This is a question about computing the local residues of a general symmetric bilinear form over $\mathbb{Q}$. I've been using Lam's *Introduction to Quadratic Forms* as a reference, but I'm stuck on the following.

Let $\mathbb{Q}(\alpha)$ be a degree $d$ extension of $\mathbb{Q}$. Given a non-zero element $q=\sum_{i=0}^{d-1}b_i\alpha^i\in\mathbb{Q}(\alpha)$, let $\langle q\rangle\in\mathrm{W}(\mathbb{Q}(\alpha))$ denote the Witt class of the symmetric, non-degenerate bilinear form $\mathbb{Q}(\alpha)\times\mathbb{Q}(\alpha)\to\mathbb{Q}(\alpha)$ given by $(x,y)\mapsto qxy$. Define $\operatorname{Tr}_{\mathbb{Q}(\alpha)/\mathbb{Q}}\langle q\rangle\in\mathrm{W}(\mathbb{Q})$ by post-composing $\langle q\rangle$ with the field trace $\mathbb{Q}(\alpha)\to\mathbb{Q}$. For each prime $p$ (including $p=\infty$), we have a local residue map $\partial_p:\mathrm{W}(\mathbb{Q})\to\mathrm{W}(\mathbb{F}_p)$ (or $\mathrm{W}(\mathbb{R})$ for $p=\infty$), and the weak Hasse-Minkowski principle says that the Witt class of $\operatorname{Tr}_{\mathbb{Q}(\alpha)/\mathbb{Q}}\langle q\rangle$ is determined the values $\partial_p\operatorname{Tr}_{\mathbb{Q}(\alpha)/\mathbb{Q}}\langle q\rangle$ for all $p$.

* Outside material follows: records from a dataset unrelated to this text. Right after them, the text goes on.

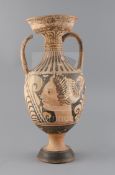 An Apulian red-figure pottery amphora, Southern Italy, 4th century B.C., part of one handle lacking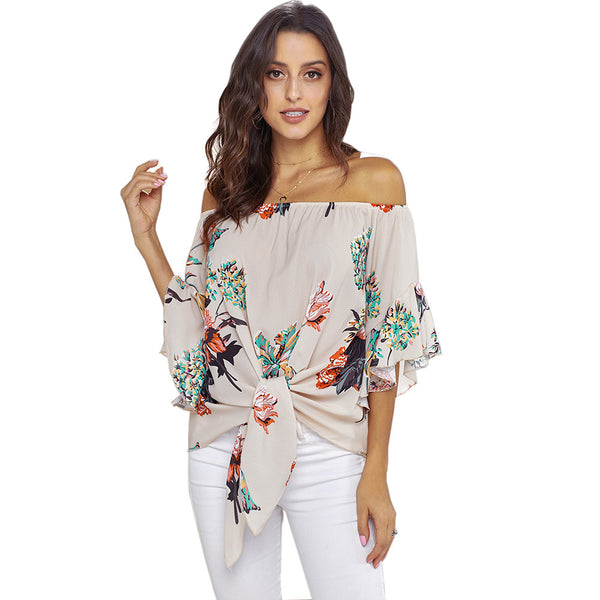 Loose sexy one-shoulder shirt women's new print knotted women's pullover shirt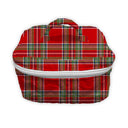 red and green christmas plaid qulited travel bag 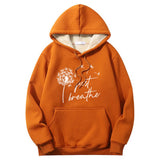 Colorful Just Breathe Dandelion Crew Collar Hoodie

**Question:** Can I compute $\partial_p\operatorname{Tr}_{\mathbb{Q}(\alpha)/\mathbb{Q}}\langle q\rangle$ in terms of $q$ and the minimal polynomial of $\alpha$ over $\mathbb{Q}$? Or is a general formula too much to ask for?

For example, when $q=1$, this form is a trace form, and I believe a theorem of Taussky-Todd implies that $\partial_\infty\operatorname{Tr}_{\mathbb{Q}(\alpha)/\mathbb{Q}}\langle 1\rangle\geq 0$ (Corollary I.5.2, *A survey of trace forms of algebraic number fields* by Conner and Perlis).

**Motivation:** I'm writing up an (algebro-geometric) result, and I have a few equations involving terms of the form $\partial_p\operatorname{Tr}_{\mathbb{Q}(\alpha)/\mathbb{Q}}\langle q\rangle$. I can leave them this way, but I'm obviously not a number theorist and would thus like to record these values more explicitly if possible.